All lines from the one with "Girl’s Bedroom set" to the end of the data: return those exactly, and only those.

===============

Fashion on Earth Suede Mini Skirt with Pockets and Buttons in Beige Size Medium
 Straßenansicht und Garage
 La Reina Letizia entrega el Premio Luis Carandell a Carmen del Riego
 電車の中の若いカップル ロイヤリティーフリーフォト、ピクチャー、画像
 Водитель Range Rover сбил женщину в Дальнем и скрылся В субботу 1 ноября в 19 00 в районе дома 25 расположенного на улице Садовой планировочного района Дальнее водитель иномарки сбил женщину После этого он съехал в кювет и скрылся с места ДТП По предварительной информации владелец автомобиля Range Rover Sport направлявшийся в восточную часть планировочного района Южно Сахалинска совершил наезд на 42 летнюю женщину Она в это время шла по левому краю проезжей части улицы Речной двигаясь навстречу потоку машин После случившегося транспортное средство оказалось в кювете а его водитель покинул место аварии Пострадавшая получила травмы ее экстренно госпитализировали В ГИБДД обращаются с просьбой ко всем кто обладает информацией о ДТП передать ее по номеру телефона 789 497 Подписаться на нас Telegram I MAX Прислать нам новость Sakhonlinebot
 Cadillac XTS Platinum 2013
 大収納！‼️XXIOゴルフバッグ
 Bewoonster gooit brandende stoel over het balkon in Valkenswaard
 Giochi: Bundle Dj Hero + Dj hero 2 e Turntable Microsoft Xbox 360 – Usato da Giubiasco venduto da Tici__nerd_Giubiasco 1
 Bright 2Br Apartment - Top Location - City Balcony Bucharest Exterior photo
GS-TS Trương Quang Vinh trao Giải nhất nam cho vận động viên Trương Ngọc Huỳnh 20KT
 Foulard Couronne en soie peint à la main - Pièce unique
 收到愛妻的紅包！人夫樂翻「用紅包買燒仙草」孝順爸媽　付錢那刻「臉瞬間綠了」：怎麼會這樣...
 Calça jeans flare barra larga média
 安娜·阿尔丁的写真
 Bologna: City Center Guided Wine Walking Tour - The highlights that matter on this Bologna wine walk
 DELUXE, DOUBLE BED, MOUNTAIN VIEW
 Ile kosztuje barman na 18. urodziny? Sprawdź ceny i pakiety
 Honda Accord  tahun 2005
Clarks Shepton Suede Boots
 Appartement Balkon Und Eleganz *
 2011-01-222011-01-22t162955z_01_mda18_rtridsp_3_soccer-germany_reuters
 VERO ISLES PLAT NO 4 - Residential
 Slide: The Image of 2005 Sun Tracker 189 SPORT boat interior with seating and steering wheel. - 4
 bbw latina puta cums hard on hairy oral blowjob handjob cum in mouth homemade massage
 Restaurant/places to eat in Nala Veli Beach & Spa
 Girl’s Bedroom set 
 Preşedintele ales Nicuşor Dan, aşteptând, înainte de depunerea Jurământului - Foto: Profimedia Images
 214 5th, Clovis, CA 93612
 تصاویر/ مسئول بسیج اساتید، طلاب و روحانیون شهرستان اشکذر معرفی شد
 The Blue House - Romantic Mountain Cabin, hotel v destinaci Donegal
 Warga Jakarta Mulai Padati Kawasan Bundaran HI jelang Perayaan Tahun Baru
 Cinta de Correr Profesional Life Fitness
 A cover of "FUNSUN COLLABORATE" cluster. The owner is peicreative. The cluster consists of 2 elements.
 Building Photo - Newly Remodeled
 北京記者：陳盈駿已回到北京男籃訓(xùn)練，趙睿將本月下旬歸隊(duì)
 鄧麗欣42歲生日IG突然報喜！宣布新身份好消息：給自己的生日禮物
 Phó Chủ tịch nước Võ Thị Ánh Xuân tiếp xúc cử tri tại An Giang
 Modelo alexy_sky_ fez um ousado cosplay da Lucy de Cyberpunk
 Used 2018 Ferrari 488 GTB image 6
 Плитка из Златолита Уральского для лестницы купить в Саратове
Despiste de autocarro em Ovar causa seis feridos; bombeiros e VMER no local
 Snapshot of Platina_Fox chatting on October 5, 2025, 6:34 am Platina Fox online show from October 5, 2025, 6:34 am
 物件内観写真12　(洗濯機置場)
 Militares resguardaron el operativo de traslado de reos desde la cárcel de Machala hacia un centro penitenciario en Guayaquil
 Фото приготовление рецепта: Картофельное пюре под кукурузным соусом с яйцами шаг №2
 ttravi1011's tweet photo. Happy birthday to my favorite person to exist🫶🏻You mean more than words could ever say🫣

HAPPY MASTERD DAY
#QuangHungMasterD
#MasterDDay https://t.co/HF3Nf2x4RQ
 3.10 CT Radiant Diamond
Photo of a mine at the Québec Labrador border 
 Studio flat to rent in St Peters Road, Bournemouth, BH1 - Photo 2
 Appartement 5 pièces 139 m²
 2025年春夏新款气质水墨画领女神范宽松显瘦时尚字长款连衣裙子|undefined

===============

**ANSWER SPACE:**
 Girl’s Bedroom set 
 Preşedintele ales Nicuşor Dan, aşteptând, înainte de depunerea Jurământului - Foto: Profimedia Images
 214 5th, Clovis, CA 93612
 تصاویر/ مسئول بسیج اساتید، طلاب و روحانیون شهرستان اشکذر معرفی شد
 The Blue House - Romantic Mountain Cabin, hotel v destinaci Donegal
 Warga Jakarta Mulai Padati Kawasan Bundaran HI jelang Perayaan Tahun Baru
 Cinta de Correr Profesional Life Fitness
 A cover of "FUNSUN COLLABORATE" cluster. The owner is peicreative. The cluster consists of 2 elements.
 Building Photo - Newly Remodeled
 北京記者：陳盈駿已回到北京男籃訓(xùn)練，趙睿將本月下旬歸隊(duì)
 鄧麗欣42歲生日IG突然報喜！宣布新身份好消息：給自己的生日禮物
 Phó Chủ tịch nước Võ Thị Ánh Xuân tiếp xúc cử tri tại An Giang
 Modelo alexy_sky_ fez um ousado cosplay da Lucy de Cyberpunk
 Used 2018 Ferrari 488 GTB image 6
 Плитка из Златолита Уральского для лестницы купить в Саратове
Despiste de autocarro em Ovar causa seis feridos; bombeiros e VMER no local
 Snapshot of Platina_Fox chatting on October 5, 2025, 6:34 am Platina Fox online show from October 5, 2025, 6:34 am
 物件内観写真12　(洗濯機置場)
 Militares resguardaron el operativo de traslado de reos desde la cárcel de Machala hacia un centro penitenciario en Guayaquil
 Фото приготовление рецепта: Картофельное пюре под кукурузным соусом с яйцами шаг №2
 ttravi1011's tweet photo. Happy birthday to my favorite person to exist🫶🏻You mean more than words could ever say🫣

HAPPY MASTERD DAY
#QuangHungMasterD
#MasterDDay https://t.co/HF3Nf2x4RQ
 3.10 CT Radiant Diamond
Photo of a mine at the Québec Labrador border 
 Studio flat to rent in St Peters Road, Bournemouth, BH1 - Photo 2
 Appartement 5 pièces 139 m²
 2025年春夏新款气质水墨画领女神范宽松显瘦时尚字长款连衣裙子|undefined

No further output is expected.